Il problema della contaminazione da metalli pesanti nella granella di frumento sta riscontrando negli ultimi anni un’attenzione maggiore da parte degli attori della filiera. In parte, la superiore considerazione per questo tema è una conseguenza dei recenti regolamenti comunitari (Reg. UE 2021/1323, ripreso dal Reg. UE 2023/915) che hanno ridotto il limite di questi contaminanti in diverse matrici alimentari, ed in particolare in riso e frumento duro, ma si inserisce nelle più generali richieste dei consumatori e, quindi, della filiera, della produzione di alimenti sempre più sicuri, soprattutto considerando le tendenze nei consumi di prodotti integrali e salutistici.
Cadmio, arsenico e piombo
Parliamo, in particolare, di cadmio, arsenico e piombo, la cui gestione, in un percorso virtuoso di miglioramento della qualità degli alimenti, richiede un contributo importante nella corretta gestione della coltivazione e della prima trasformazione e, quindi, vede come attori principali gli agricoltori e i mulini. Per il frumento, in particolare, «l’attenzione è principalmente rivolta alla presenza di cadmio nelle granelle » ci spiega Massimo Blandino, Professore Associato del DISAFA – Dipartimento di Scienze Agrarie, Forestali e Alimentari dell’Università degli Studi di Torino. «Per fare riferimento a un caso studio specifico, dal piano di autocontrollo condotto negli ultimi anni da un’azienda molitoria nazionale , è emerso come questo contaminante fosse presente in tutti i campioni analizzati, sebbene le non conformità fossero limitate a pochissimi punti percentuali».
Importanza della molitura
Il Prof. Blandino, poi, ci spiega come la molitura possa influenzare le concentrazioni nelle farine: «in uno studio su frumento tenero pubblicato nel 2018 sul Journal of Cereal Science dal nostro gruppo, abbiamo verificato come la gestione del diagramma di molitura incida tantissimo sulla distribuzione dei metalli pesanti nelle farine e nei sottoprodotti, poiché le crusche sono le porzioni della cariosside più contaminate». Ci sono, però, differenze a seconda dell’elemento che si prende in considerazione: «la distribuzione negli strati corticali è più progressiva nel cadmio, mentre arsenico e piombo sono più concentrati negli strati esterni».

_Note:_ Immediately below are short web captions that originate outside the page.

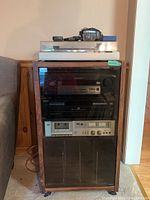 Photo of the stereo cabinet containing all electronics components, from top to bottom: turntable, CD player, cassette deck and FM receiver, with headphones on top.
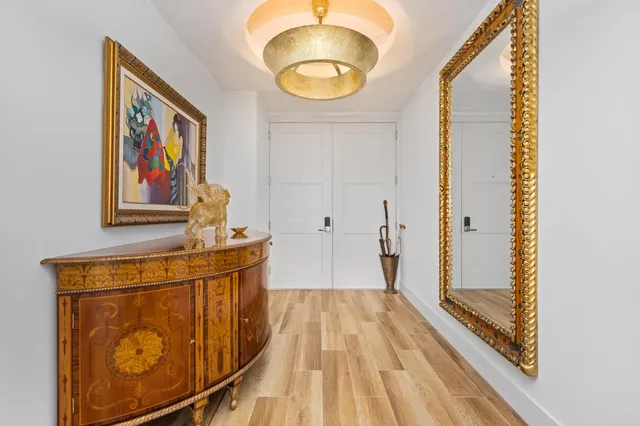 a view of a hallway with wooden floor and entryway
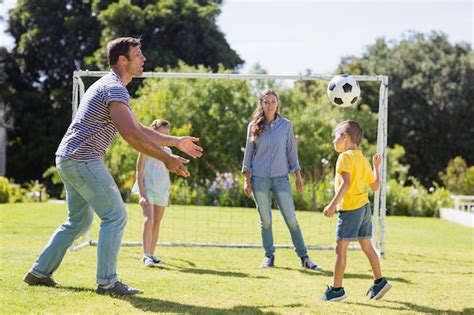 Familia Feliz Jugando Al Fútbol En El Parque Foto Premium
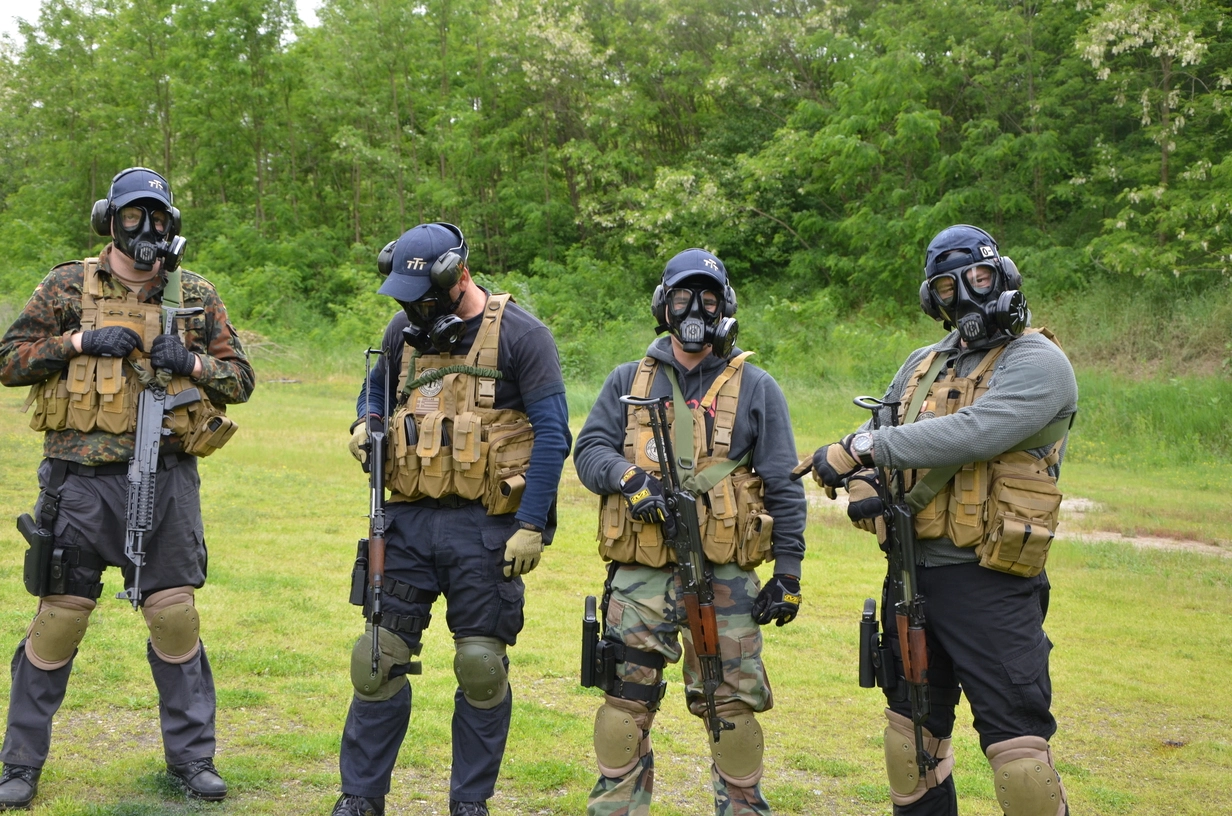 Ljudi stoje sa puskama i gas maskama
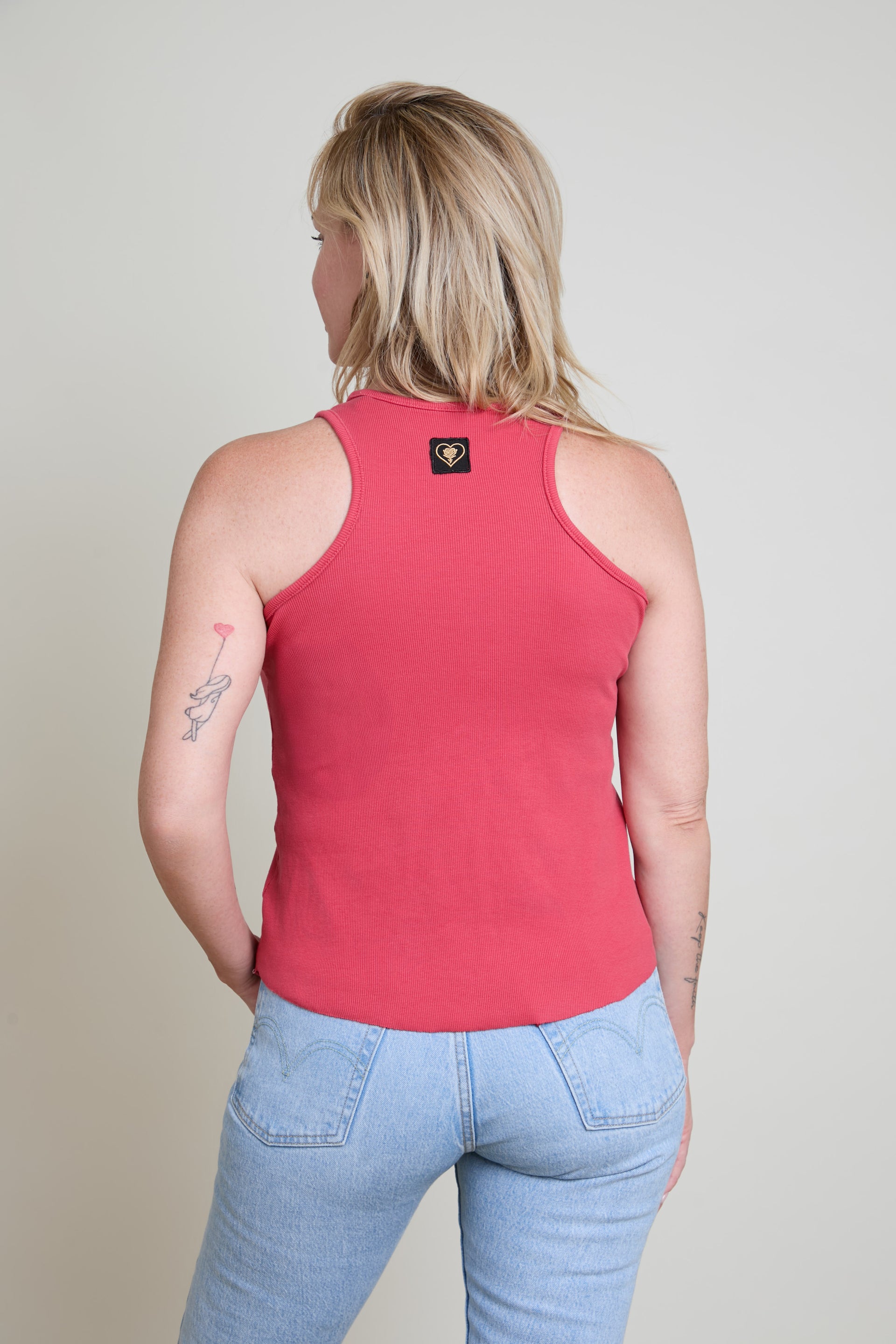 Person wearing a red tank top and light blue jeans on a plain background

La tecnica molitoria, inclusi i processi di macinazione, può quindi essere utilizzata per gestire l’accumulo dei metalli pesanti nelle farine, sebbene anche in fase di coltivazione ci siano dei fattori che ne influenzano significativamente il contenuto. «Nel nostro studio emerge come anche il genotipo, quindi la varietà coltivata, e l’ambiente possano avere un certo effetto».
Ricerca su pratiche agronomiche
Soprattutto per la produzione di farine integrali o per le filiere baby food c’è una maggiore attenzione a comprendere nei cereali quali possano essere i fattori determinanti a livello agronomico e quali pratiche si possano applicare per minimizzare il rischio, a partire dalla scelta varietale.
Il Prof. Blandino ci spiega come tanto sia stato fatto nell’ultimo decennio sul riso, mentre adesso è il momento del frumento. «E’ noto che il primo fattore ad avere effetti sulla concentrazione di metalli pesanti sia sempre la natura del terreno: areali più o meno ricchi di cadmio possono portare a maggiore o minore rischio. Anche la tecnica agronomica adottata e l’andamento meteorologico potrebbero avere un ruolo che va chiarito e confermato da ricerche scientifiche. C’è ad esempio interesse a investigare il tema delle precessioni colturali su cui si sta concentrando la nostra attività di ricerca: l’impiego di cover crop e il loro interramento, ad esempio, potrebbero avere effetti sulla mobilitazione dei metalli pesanti e, quindi, ricadute potenzialmente positive o negative sul loro accumulo in granella. I risultati sono in fase di elaborazione e avremo modo di valutarli presto».